An unusual Mixtur
Last Friday (April 26), the Barcelona Laptop Orchestra performed at the Mixtur Festival, an event featuring musical and sonic art, research and experimentation. The venue was beautiful – inside the renewed industrial space of Fabra i Coats. The space was previously a textile factory, created following the 1903 fusion of Catalan textile producer Fabra y Portabella with the ancient J & P Coats company, with roots in Paisley, Scotland. The old FiC factory has been closed for decades, but recently took on new life as a “creative factory”, and now is home to artists, studios and creative events. It is well known to me as home of l’Ull Cec (for courses and workshops, SuperCollider meetings, music events), as well as where the Insectotròpics theatre group is currently rehearsing for their next piece.
For Mixtur, we only performed performed one piece: Quo-tr, a piece specially created for us by German composer Orm Finnendahl, with support from the Goethe Institut. Four performers and speakers were located around the audience, and we played different “instruments” consisting of – almost anything. I played Tibetan bowls and bells, a comb, a lens blower, a pair of metal Korean chopsticks, a “bird chirper”, some marbles, … you get the idea. Trying to make unusual and distinct sounds to play with Orm’s piece, which relies on live sound mixed with sound recorded and played back by his elaborate software. Besides my contributions, John played a “prepared” electric ukulele, Álvaro played bottles, whistles, a balloon and other squeaky/scratchy things, while Victor used sampled source sounds, triggered by an iPad and keyboard.

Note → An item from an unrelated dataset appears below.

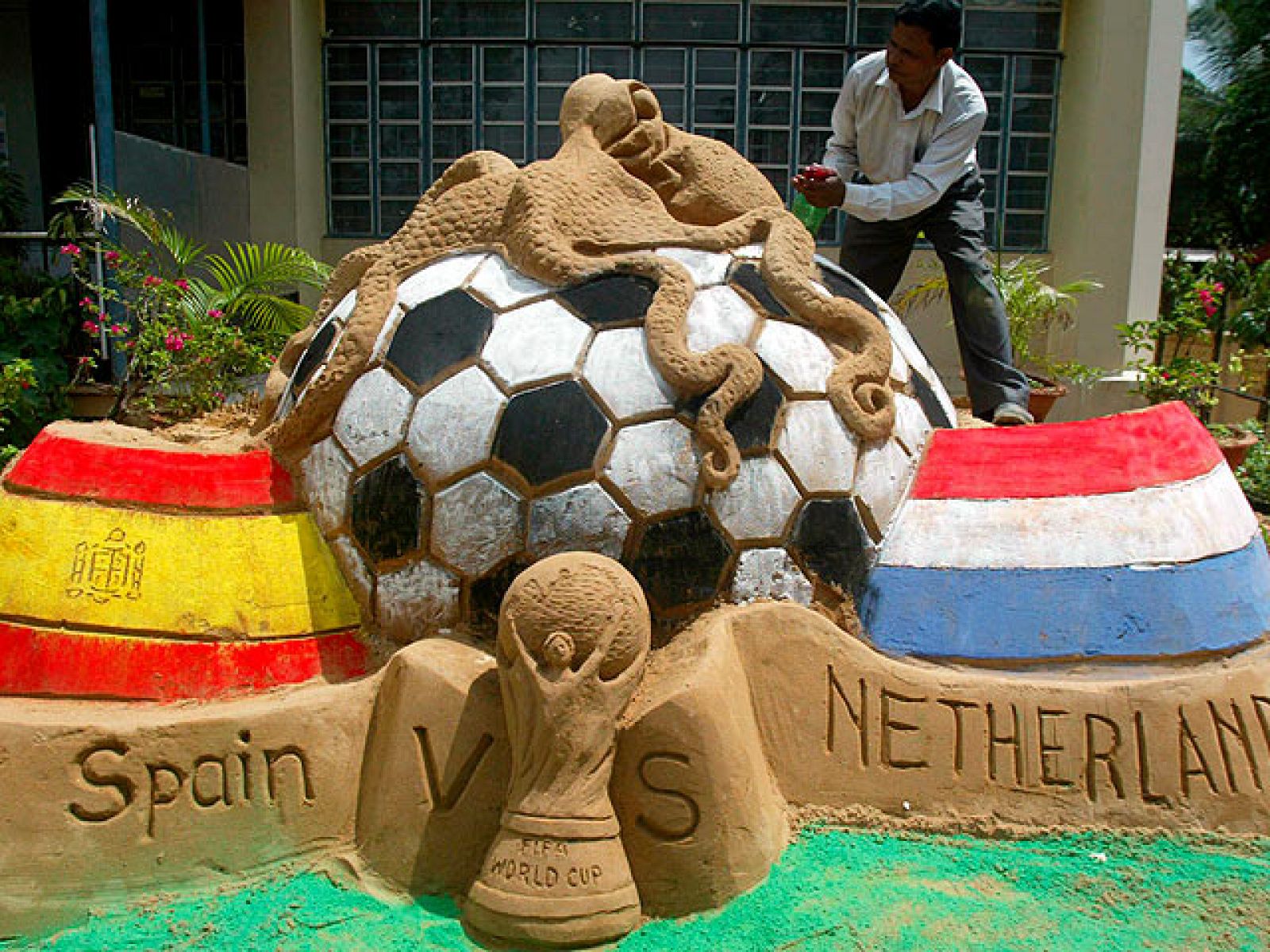 Toda la información del Telediario de TVE, en cuatro minutos.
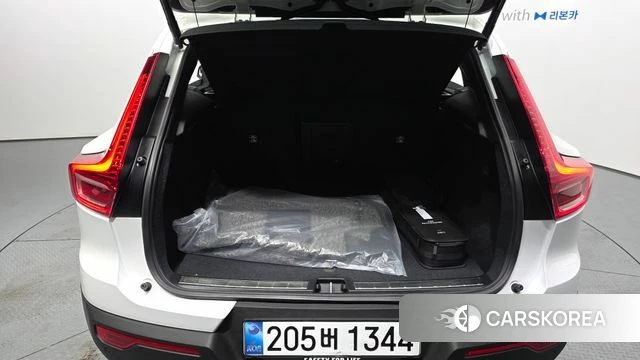 Volvo XC40 id 4757048 из Кореи 24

Mixtur attendees were the right crowd for this kind of music, and it was rewarding to perform here – plenty of people in the audience, a curious and enthusiastic response (several people commented that we should have played longer). The venue itself was another major attraction. We had a beautiful, big space to perform, and it was moodily lit with teardrop-shaped lamps. For Orm, it is important that people see the relation between what we were doing and the sound being produced. His piece is not about random things happening; there is an order, and although there is an element of improvisation, we had to learn to play the scores we were using, to anticipate and respond. Also, I think the fact that attendees were free to roam around (if they didn’t want to lounge on a big pile of comfy cushions), helped the experience.